Historical distributions

Until I borrowed it recently from a friend, I hadn’t looked at the autobiography of L. Schwartz. As it turns out, I found that his memories of the invention of the theory of distributions were quite fascinating (some other parts, like learning that he did not immediately dismiss the possibility of becoming head of some trotskyist party after the war, were amusing; as Wikipedia delicately puts it, he was “leaning towards socialism”).

He explains that he was looking for a definition of “generalized function” in order, roughly, to put on a better footing the notion of weak solutions of certain partial differential equations (such notions already existed in the work of Leray, among others): the problem was that there was a way to define what it means for a non-smooth function f to satisfy a PDE

$\sum_{p}a_p D^p f=0$

but there was no definition or proper meaning of the various terms in such a sum!

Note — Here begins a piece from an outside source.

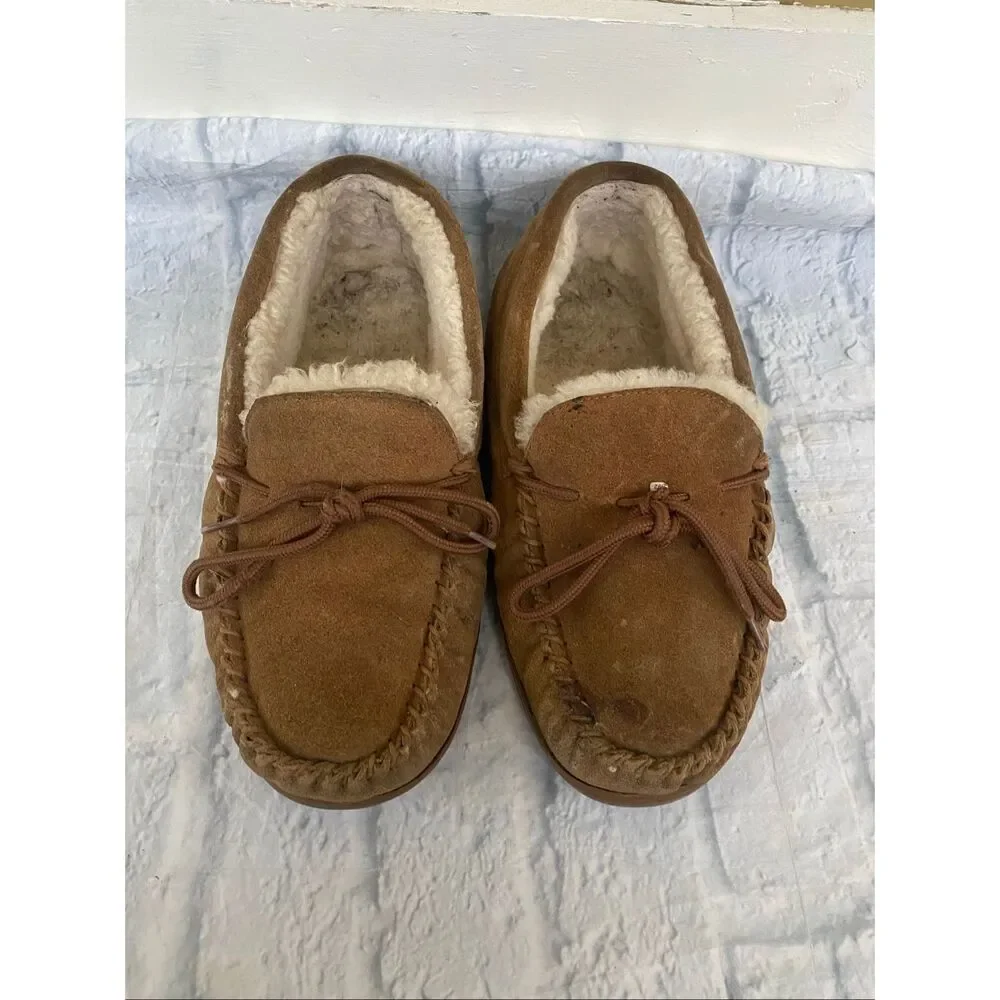 Bearpaw men 13 suede slip on moccasins w/front tie tan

Then he says that, during one night in November 44 (la plus belle nuit de ma vie), he had a flash of insight; he worked feverishly (fiévreusement) until the end of 44, having described the solution to Henri Cartan and Bourbaki and received their enthusiastic endorsement.

Then — and this is the fascinating part I had never heard about — he realized his definition was not the right one! It was more complicated than the definition which he found in Grenoble in late 1944, and from almost any rational analysis (after the facts), it should never have come before.

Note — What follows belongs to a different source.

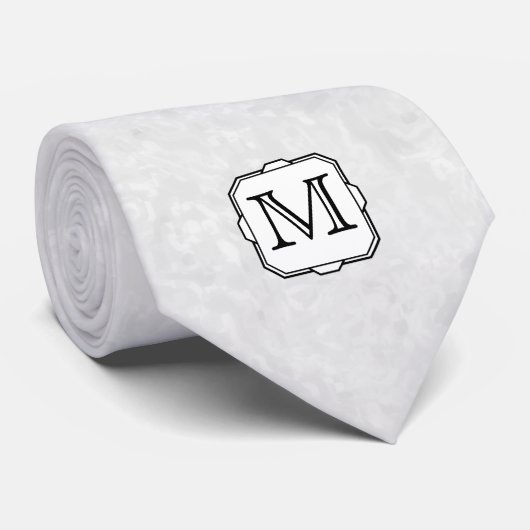 Uw brief. Aangepast monogram. Grijs, zwart en wit Stropdas (Opgerold)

Basically, his former definition was the following: an 11/44-distribution was supposed to generalize (and encompass) the notion of a smooth function φ (defined on the real line) by generalizing the convolution operator Tφ associated to φ:

$T_{\phi}\,:\, f(x)\mapsto f\star \phi (x)=\int_{\mathbf{R}}{f(y)\phi(x-y)dx}$

which he saw (already a new step) as defined on the space of test functions (i.e., smooth functions with compact support), and with image in the space of smooth functions. So he considered all such operators, say

$T\,:\, f\mapsto T(f)$

satisfying some additional properties (T must commute with convolution operators associated to smooth functions with compact support, and T must be continuous in some suitable sense). Because of the well-known property

$(f\star \phi^{\prime})(x)=(f\star \phi)^{\prime}(x)=(f^{\prime}\star \phi)(x)$

linking convolution and differentiation, he could easily define a derivative for all such operators by defining

$T^{\prime}(f)=T(f^{\prime}),$

and thus give a meaning to all the terms at least in a constant coefficient PDE (such as the Laplace equation) applied to such an operator.

What was wrong? As Schwartz tells it, the first “bad taste” (goût amer) was the fact that defining the product of an 11/44-distribution with a smooth function u required a rather painful definition (emberlificotée). The second was that he didn’t succeed at all in defining a Fourier transform.

And then, he said, he suddently realized that he could have used a much simpler point of view; and this is the one which is currently universally used: instead of generalizing convolution operators, a distribution generalizes the linear functional

$F_{\phi}\,:\, f\mapsto \int_{\mathbf{R}}{f(x)\phi(x)dx}$

(there is a link however, since one has

$F_{\phi}(f)=f\star \tilde{\phi}(0),\quad\quad\text{where}\quad\quad \tilde{\phi}(x)=\phi(-x)$

for all f). The derivative is now obtained by generalizing the classical integration by parts:

$F_{\phi^{\prime}}(f)=\int_{\mathbf{R}}{\phi^{\prime}(x)f(x)dx}=-\int_{\mathbf{R}}{\phi(x)f^{\prime}(x)dx=-F_{\phi}(f^{\prime})$

(because f is smooth, we can differentiate it; because it has compact support, the boundary terms vanish), and the product of a distribution with a smooth function u poses no problem:

$(uF)(f)=F(uf)$

which is well-defined since uf is again smooth with compact support. So linear partial differential operators can immediately by applied to distributions. The Fourier transform requires some care: the right space of test functions (the “Schwartz space”…) is needed to make sense of the definition suggested by the Plancherel formula:

$\hat{F}(f)=F(\hat{f}),$

and the Schwartz space is just what is needed so that this definition work perfectly.

As Schwartz points out, this point of view of linear functionals should probably have been the “obvious” one: it is also a generalization of the approach to measure theory and integration by duality with continuous functions, which was popular in France at the time (after A. Weil’s book on integration in topological groups): a measure μ is defined as a (suitably positive and continuous) linear map,

$f\mapsto \mu(f)$

where f is assumed to be continuous and compactly supported. The parallel is clear… at least a posteriori.